The Land, the People, and the Law

Daniel Asia 

Steven Grosby, Hebraism in Religion, History, and Politics: The Third Culture. Oxford University Press, 208pp., $85 cloth.

Hebraism, as Steven Grosby makes the case for its use in his Hebraism in Religion, History, and Politics, is a term of culture, or as the subtitle states, The Third Culture. Thus, it encompasses those categories named in its title, but also law and economics.

While Hebraism is definitely not Judaism, it has particularly to do with that religion’s sacred texts, the Old Testament, the Talmud, and other religious commentaries. Hebraism has everything to do with how Christendom has approached, utilized, and understood these texts within its own development for the past two thousand years, but particularly since the medieval period. Hebraism developed in the realm of the intersection of religion and politics within the Christian West, as nation-states, or merely the consciousness of such polities as a possible option, developed and propagated.

Hebraism has little to do with the differences found in Judaism and Christianity, in their understanding of monotheism or the notions of the afterlife, but has everything to do with Christianity’s relationship between itself and secular states, the relationship between humanity and God in developing goodness in this world; and ultimately with a lessening of the preoccupation with the next world in favor of a program for improving the present world. It involves “the covenantal relation with the obligation of humanity as co-creator, implicitly as the dynamic, disciplined activity of human conduct directed towards transforming one’s environment”. By necessity, this means an emphasis on the nature of, and relationships between, family, nation, and Christian faith, in this world, and not the next. Hebraism thus refers “to a development within Christianity, where not only a renewed but also changed emphasis accorded to the Old Testament signified that a different cultural pattern had emerged within Christendom.”

Hebraism developed in the realm of the intersection of religion and politics within the Christian West.

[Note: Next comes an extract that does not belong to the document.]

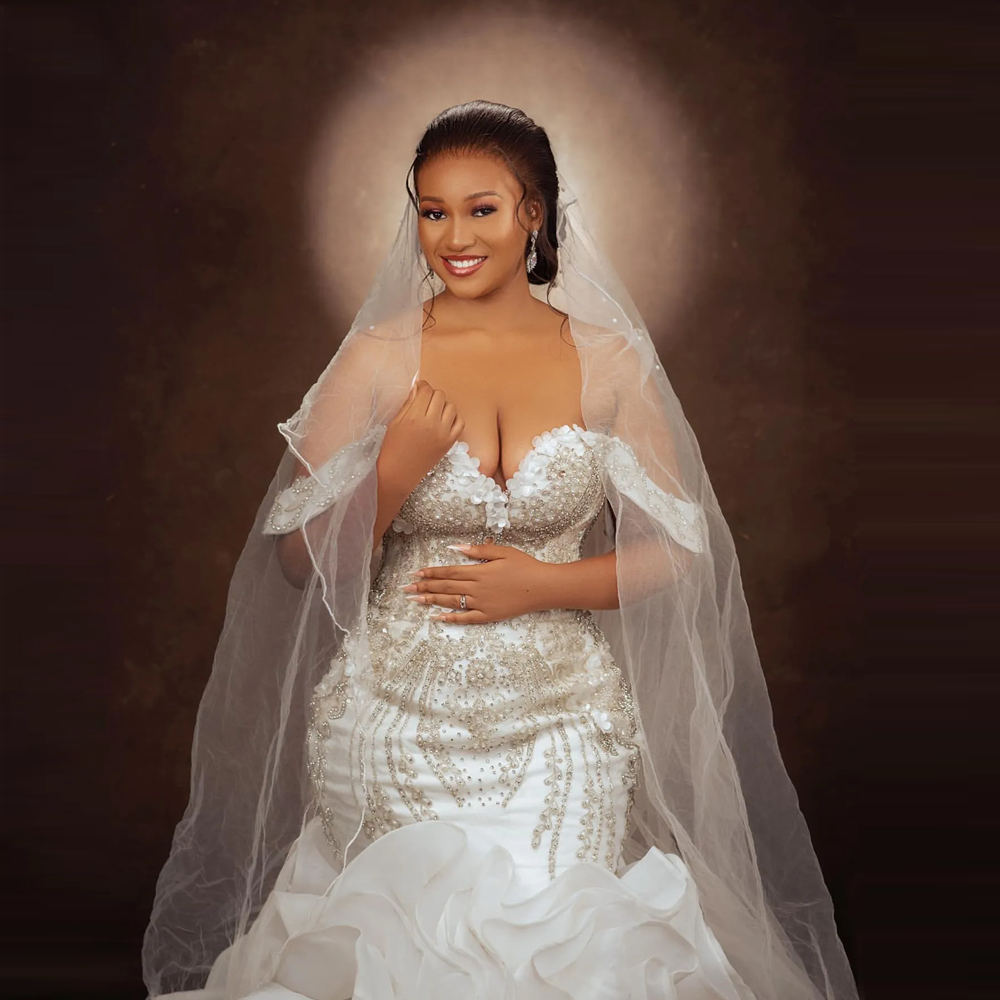 Plus Size Arabic Aso Ebi Mermaid Wedding Dresses Lacefull Flowers Crystals Beaded Sweetheart Bridal Gowns Custom Made Robes De Mariee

Family implies kinship, while nation implies the same but in a more abstract manner, and one that connotes physical boundaries, that a “‘nation’ is a society of territorial kinship.” Christians needed to look to the Old Testament for guides to these concepts and their development. Nations became the ‘new Israel,’ and their people the ‘new people.’ Grosby claims that “The nation, with its bounded territory, becomes, as it was for the Israel of the Old Testament, the vehicle for that righteous conduct, legal development, freedom of self-government, and historical revelation.” A new Christian ‘national monotheism’ was created that was very different than anything found in the New Testament. And while salvation and the afterlife were still of great importance, the commission of good deeds and bettering of humanity in this life took on greater import.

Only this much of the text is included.